In my part of the world, autumn feels like part of a secular liturgical year, however paradoxical that may sound. As the leaves change, stores fill with gourds, candles, and apple pies—as if by a similar natural cycle. Coffee shops introduce pumpkin-flavored drinks, apple orchards open for family-oriented events, and the frantic pace of life seems to slow down a bit. Many people’s homes seem to transform, as their usual color palate is replaced with (or at least complemented by) warm browns, reds, and oranges.
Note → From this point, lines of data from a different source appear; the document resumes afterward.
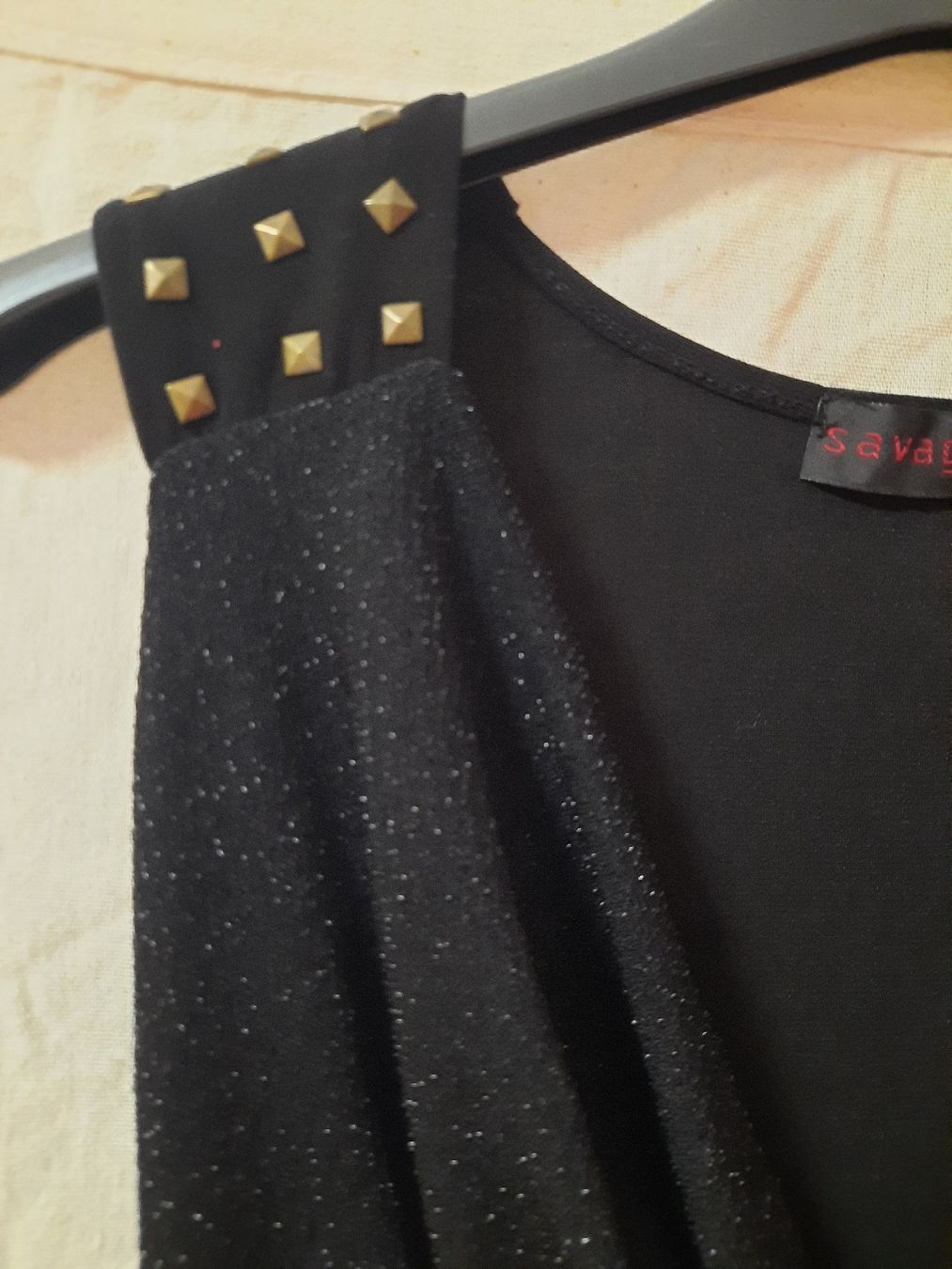 Vestiti: Robe noire drapée, cloutée épaules, soirée/cocktail, T 36 – Usato da Delémont venduto da san_vkk9 2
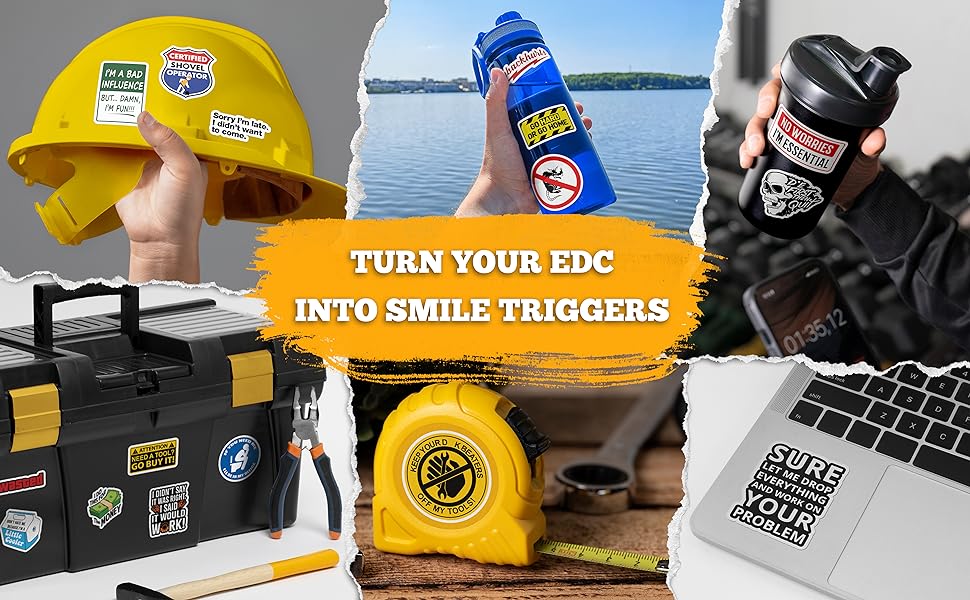 Funny Stickers for Hard hat, tools box, Water bottle, Laptop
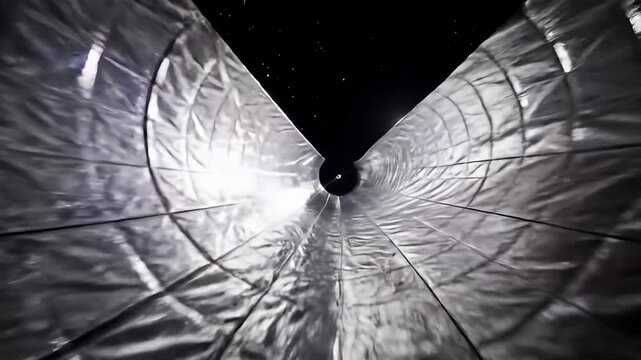 Silver sail reflects a nearby star against the darkness of space, dramatic lighting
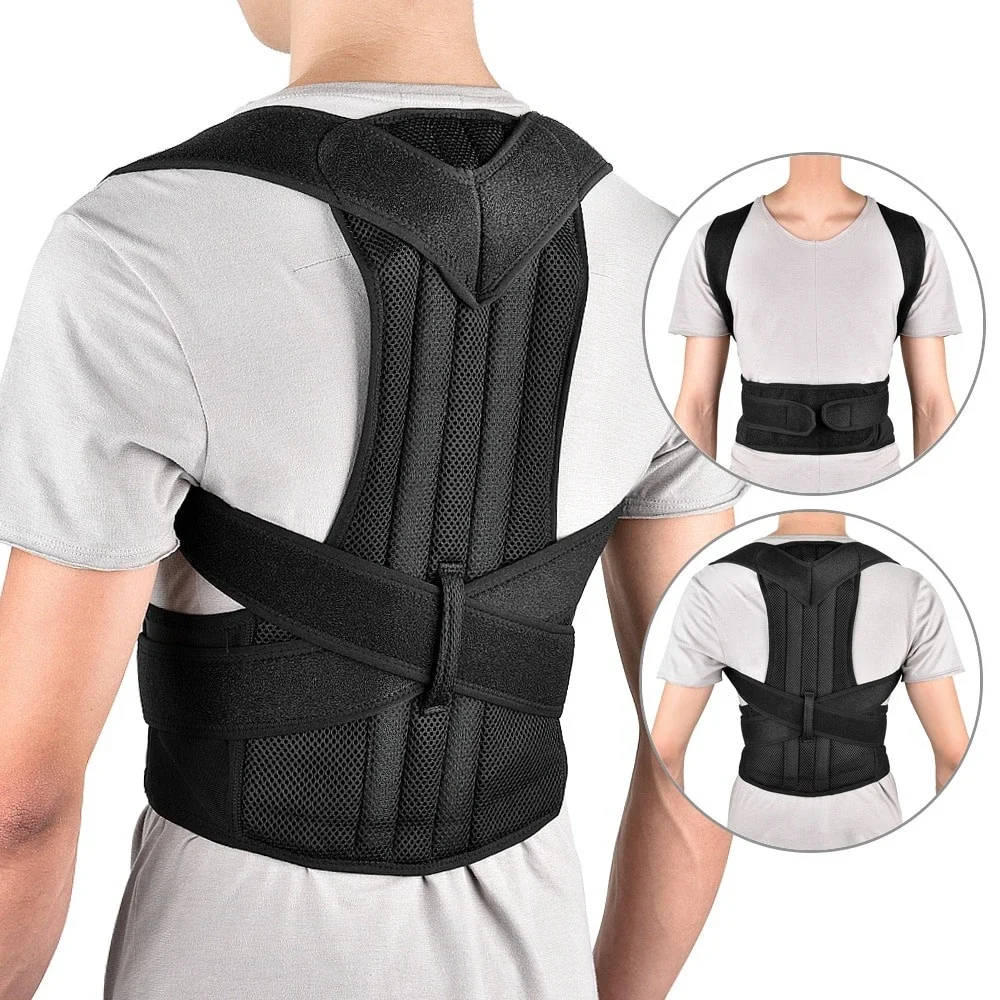 

Reinforced Belt Lumbar Column Posture Corrector Vest Adjustable Back Support Strap Shoulder Spine Brace Neck Stretcher 2028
There is a certain tension to autumn, though. Even as it evokes cozy images of hay rides and singing around bonfires, its raison d’etre is the death of countless leaves, and the central secular holiday of the fall is Halloween. Not for nothing do some people call this time of year “Spooky Season,” and I myself quite enjoy watching the films of Hitchcock and reading frightening novels at this time of year. Though derived at least in part from the Christian observance of All Saints Day and All Souls Day, Halloween is often seen today as nothing more than a time to dress up in silly costumes and put up eerie decorations. I, for one, think the continuing—indeed, increasing—-popularity of Halloween in the United States speaks to an underlying desire for transcendence, albeit a desire that is often only half-sated by simulacra.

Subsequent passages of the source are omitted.